## Material provided
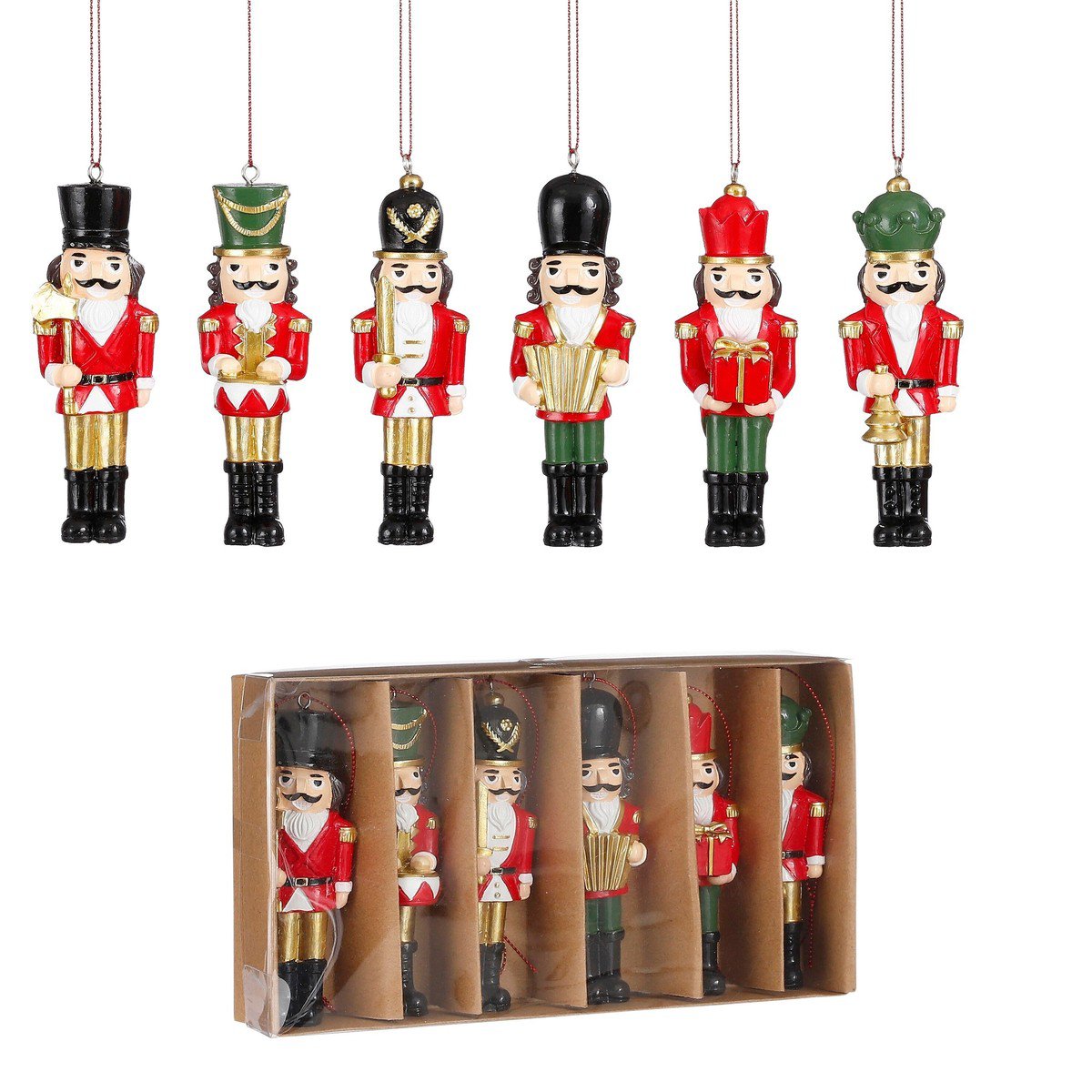 Kerstbal Rood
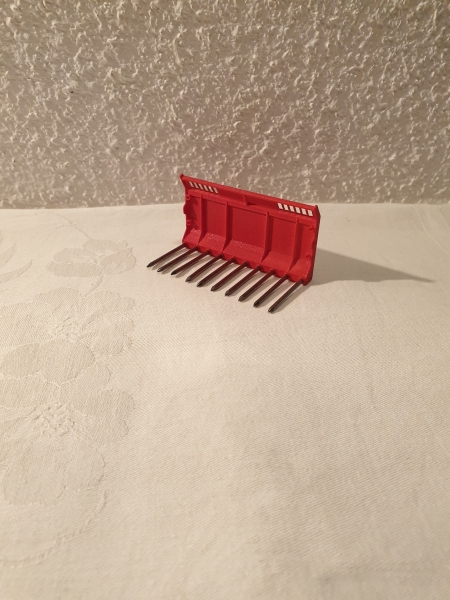 Gabel für Frontlader lackiert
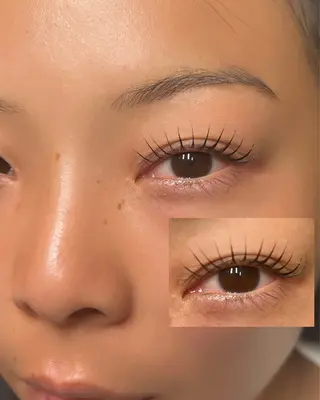 マツエク・マツパ Calm茅ヶ崎 Yoshidaのマツエク・マツパデザイン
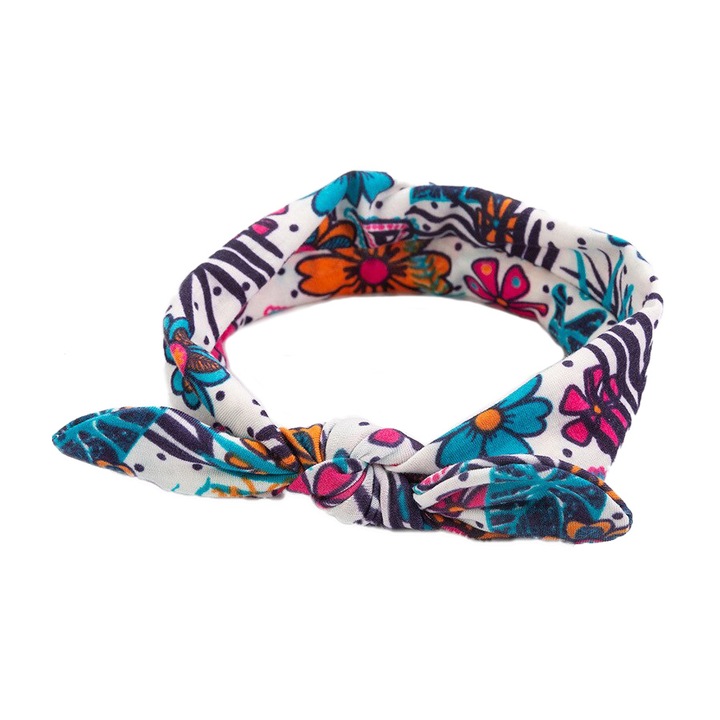 Bentita Boho pentru copii, Multicolor 1, 0-14 ani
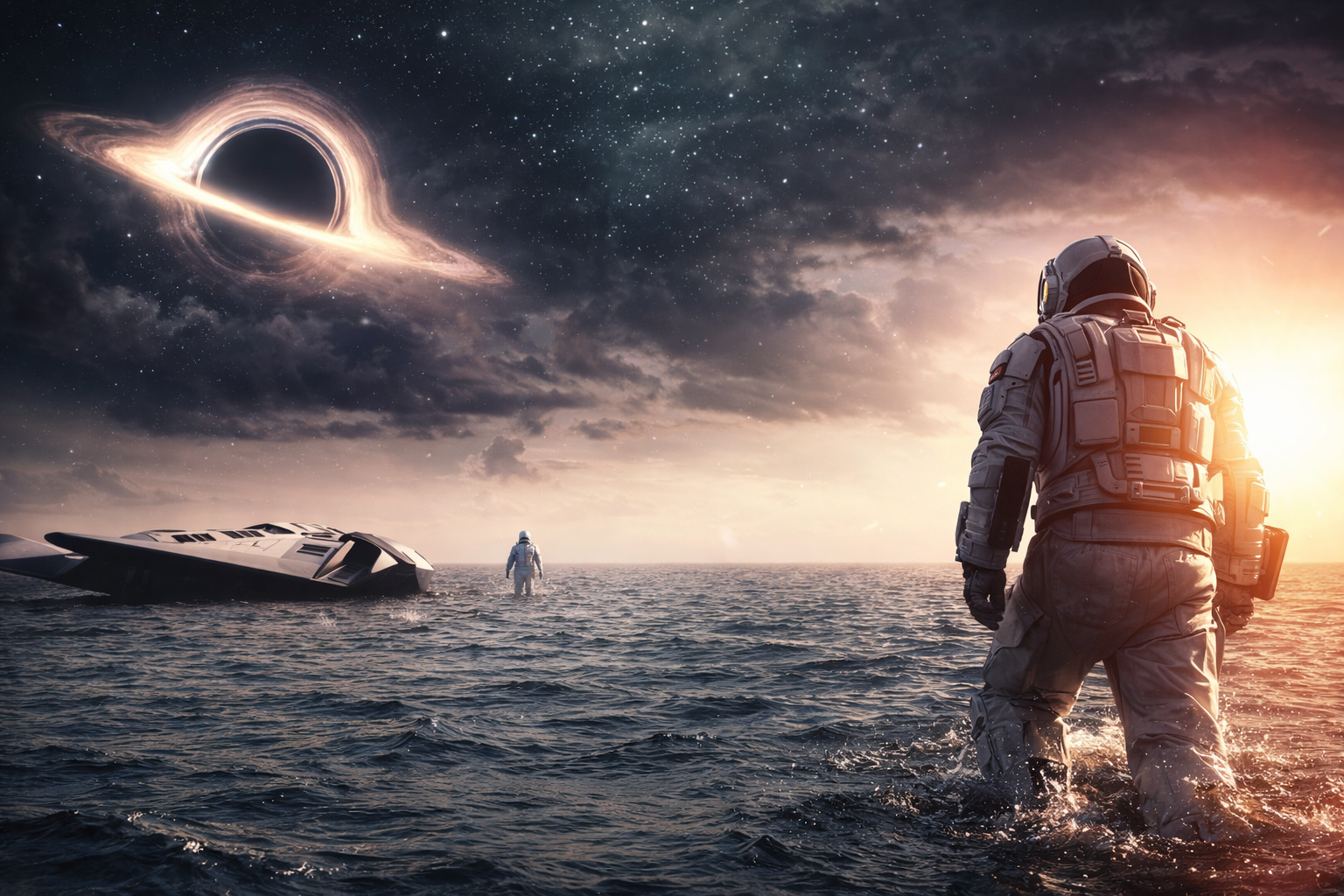 Mountain clash action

## What to do
From the line containing "Bentita Boho pentru" through the final line of the records, write out each line exactly, and include no pictures.

## Exercise result
 Bentita Boho pentru copii, Multicolor 1, 0-14 ani
 Mountain clash action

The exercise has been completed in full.